It
is no small achievement to persuade the British people
to march peacefully in their hundreds of thousands, and
the organisers of Saturday's anti-war rally deserve congratulations.
Some of the marchers, of course, were serial demonstrators
- CND veterans, hard-Left agitators, Muslim activists
- and many seemed to be more concerned about Palestine
than Iraq.
Yet
the usual suspects could not have accounted for numbers
on this scale. It seems statistically likely that, as
Armando Iannucci predicted in these pages last week, several
Daily Telegraph readers, too, took to the streets. The
marchers, by any measure, have earned the right to be
taken seriously.
Let
us, then, do precisely this. Let us imagine that the protesters
get their way. Suppose that Tony Blair decides it would
be morally wrong - or electorally unwise - to commit British
troops to a war that lacks home support; that other world
leaders, observing the rallies in their own capitals,
make the same calculation; and that George Bush, seeing
the international coalition fall away, and worried about
the enthusiasm of American voters, backs down. What would
happen then? Who would be the winners and who the losers?
The
biggest winner would obviously be Saddam Hussein. His
position, both in Iraq and across the Arab world, would
become virtually unassailable. Having seen off both the
United Nations and the United States, he would understandably
feel that no force could stand in his way.
For
which reason, the biggest losers would be Iraqi dissidents,
a category that now effectively includes the entire Kurdish
and Shi'ite populations - in other words, a majority of
Saddam's subjects. On them would fall the vindictive wrath
of a tyrant who regards them as agents of a foreign power,
and who would no longer have cause to fear that power.
The
UN weapons inspectors would also be immediate losers.
After repeatedly being denied access to sensitive areas,
they eventually left Iraq in despair four years ago. The
only thing that persuaded Saddam to readmit them was the
obvious readiness of the Americans and British to invade
him again.
Take
away that pressure and even the grudging and partial acceptance
that Baghdad has offered UN officials would vanish. Secure
in the knowledge that he would not be attacked, Saddam
would soon exclude the inspectors again and return to
building up his illegal arsenals.
Saddam's
victory would not be confined to Iraq. Across the Middle
East, strongmen would be heartened, reformers weakened.
Since the Gulf War, Saddam has appeared isolated, a relic
from a more brutal era. Were he successfully to face down
the West, however, things would look very different. Any
sense that there was an inexorable movement towards freedom
and democracy in the Islamic world would evaporate. What
Tony Blair might call "the forces of conservatism"

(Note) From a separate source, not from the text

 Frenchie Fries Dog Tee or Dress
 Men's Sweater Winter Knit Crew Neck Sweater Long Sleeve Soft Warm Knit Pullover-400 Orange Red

in the Middle East would have won.
Indeed,
the balance of power would be tilted on every continent.
Dictators from Harare to Ashkhabad would feel that little
bit freer to oppress their peoples. This may appear to
be of little direct concern to the West (although it ought
to concern the marchers, who claim to be passionately
interested in the welfare of the Third World).
But
some of these states have the capacity to threaten us,
either directly or indirectly. What possible lesson could
Kim Jong-il draw from an American climbdown, except that
he will be able to build up his nuclear programme unmolested?
If
North Korea would be a winner, Israel would be a loser.
A state that has already fired missiles at Israeli cities,
and which is the chief sponsor of terrorism against Israeli
civilians, would have won itself time to manufacture deadlier
poisons. One of the arguments against striking at Saddam
is that, even if he has chemical and biological weapons,
he poses no immediate threat to the United Kingdom.
This
argument is almost certainly wrong; but even if it were
true, there can be no doubt that he does pose an immediate
threat to Israel. Those on Saturday's march who think
of themselves as internationalists might usefully ask
whether it is right to stand by and risk the second holocaust
that would result from Iraq acquiring the ability to rain
death at a distance.
In
reality, of course, some of the marchers might secretly
- or not so secretly - support the destruction of the
Jewish state. But, even from their point of view, it is
hard to see what is gained from keeping Saddam in power.
"Freedom for Palestine," proclaimed their banners.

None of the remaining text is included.